As of now, it's unclear how Hurricane Hector might impact flights to or from the Hawaiian Islands, although potentially gusty winds and heavy rain could cause delays or cancellations later this week. According to the National Hurricane Center, Hector is forecast to cross into the central Pacific basin sometime Sunday night with little change expected in regard to the storm's strength and wind speed. But as of Sunday afternoon, there were no coastal watches or warnings in effect for the Hawaiian Islands as Hector's official forecast track continues to have the storm passing south of the islands on Wednesday. Still, forecasters at the National Hurricane Center are urging caution.
"While the official forecast track continues to lie south of the Hawaiian Islands, only a slight deviation to the north of the forecast track would significantly increase potential impacts on the Hawaiian Islands," the National Hurricane Center said in a forecast discussion released Sunday afternoon. "It is a good time for everyone in the Hawaiian Islands to ensure they have their hurricane plan in place."
An updated forecast track shows Hector's center passing slightly farther south of the islands than previous tracks did, according to Hawaii News Now. But forecasts are merely predictions, and storms can change direction at any time. Meteorologists and the National Hurricane Center have both stressed that it's too early to say how Hector might affect the Hawaiian Islands.
"The track of the hurricane still has the center passing well south of the main Hawaiian island at this time," CNN meteorologist Haley Brink said early Sunday. "It is still too soon to tell what effects this hurricane will have (if any) on the Hawaii islands."
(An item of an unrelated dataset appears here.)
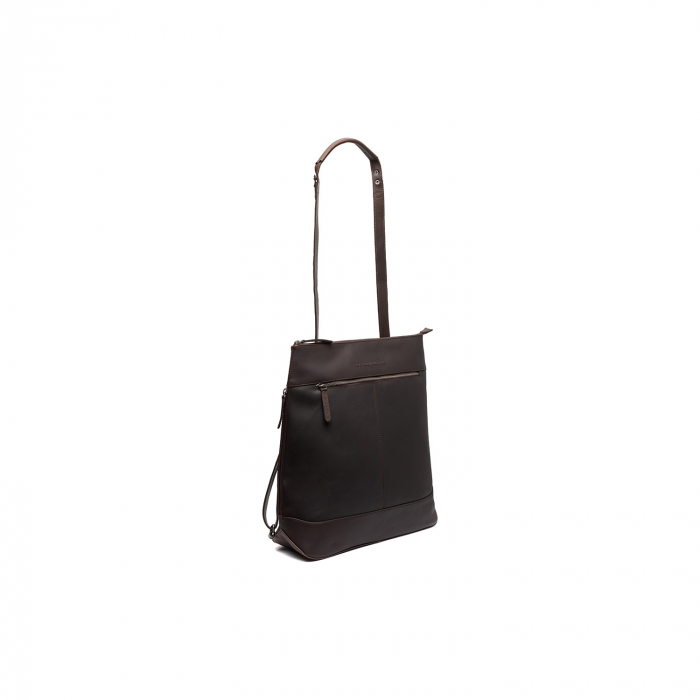 Rucsac The Chesterfield Brand din piele naturala, Omaha, Maro inchis [7]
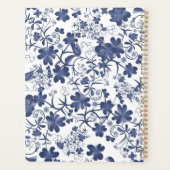 Fleurs de campagne bleues et blanches (Dos)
As Hector passes later this week, some of the Hawaiian Islands could see heavy rain, gusty wind, or even tropical storm force winds, all of which could potentially cause flight delays or cancellations. Hurricanes can also cause storm surge and flooding, although it remains unclear if Hector will bring either to the islands. According to the Weather Channel, it is Hawaii's Big Island that stands the greatest chance of feeling Hector's wrath, as it lies farthest south in the island chain.
For now, however, it appears unlikely that any of the Hawaiian Islands will experience hurricane-force winds. The National Hurricane Center noted Sunday that such winds extend outward from a storm's center for up to only 30 miles. According to Hawaii News Now, Hector's current forecast track has the storm passing much more than 30 miles south of the Big Island.
Hector is the first hurricane to come near the Hawaiian Islands this hurricane season. Forecasters have said they expect the hurricane to maintain its current strength until Monday night, when it is expected to weaken slightly through to Wednesday.